- _WHAT YOU HAVE TO DO_
Although the records contain pictures, none belong in the copy: restate word for word only the lines from the one with "NEXX X.COM KABLOLU MİKROFON" through the one with "HISENSE - Placa Vitrocerâmica E6431CB", both included.

- _INFORMATION_
=====
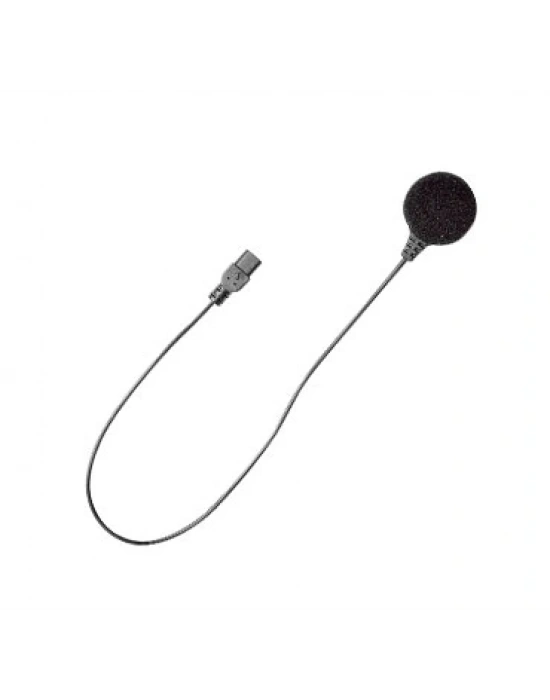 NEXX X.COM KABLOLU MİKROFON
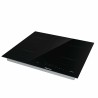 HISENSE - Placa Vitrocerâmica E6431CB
=====
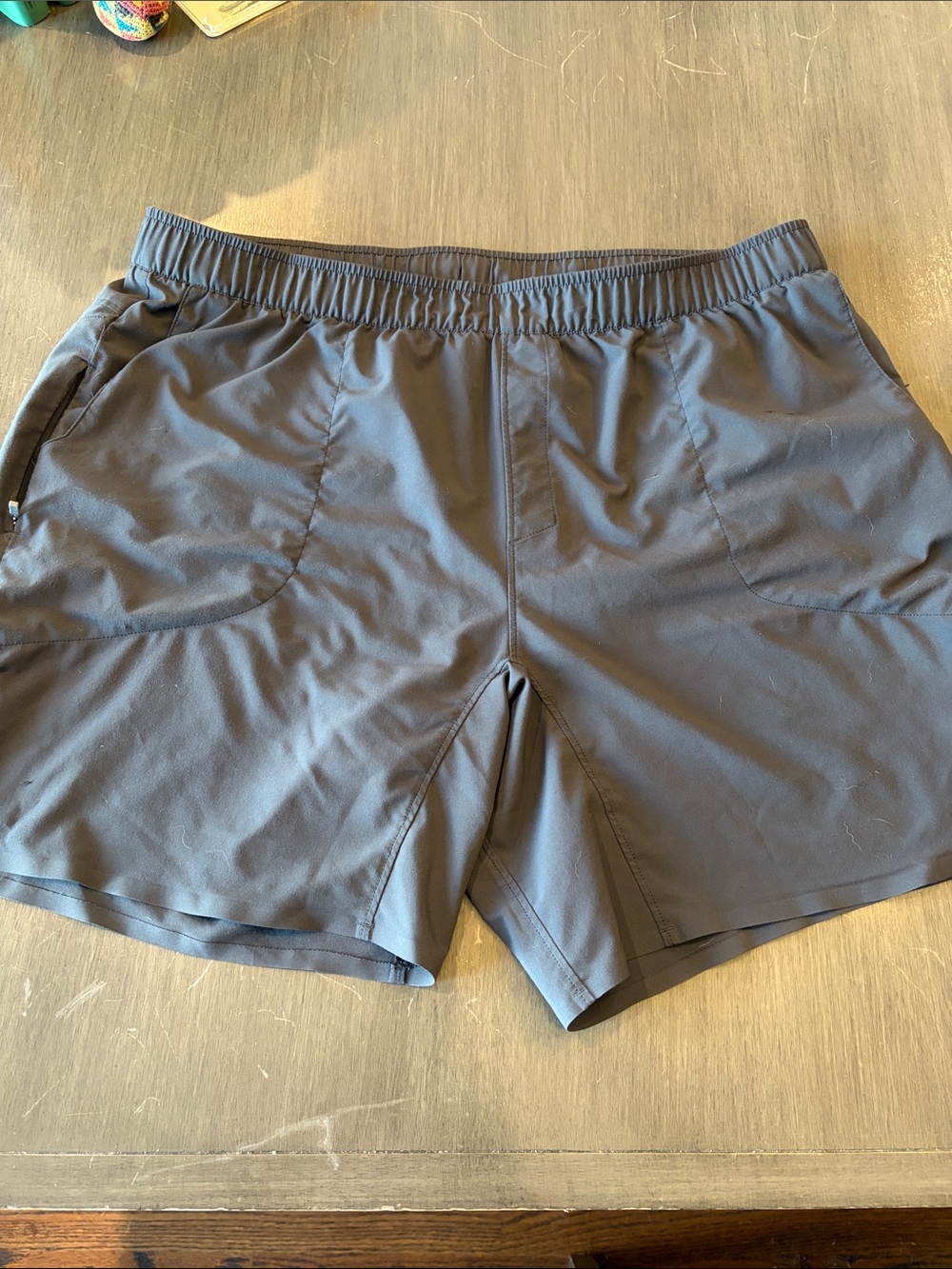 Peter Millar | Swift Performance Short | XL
=====
- _FINISHED TASK_
 NEXX X.COM KABLOLU MİKROFON
 HISENSE - Placa Vitrocerâmica E6431CB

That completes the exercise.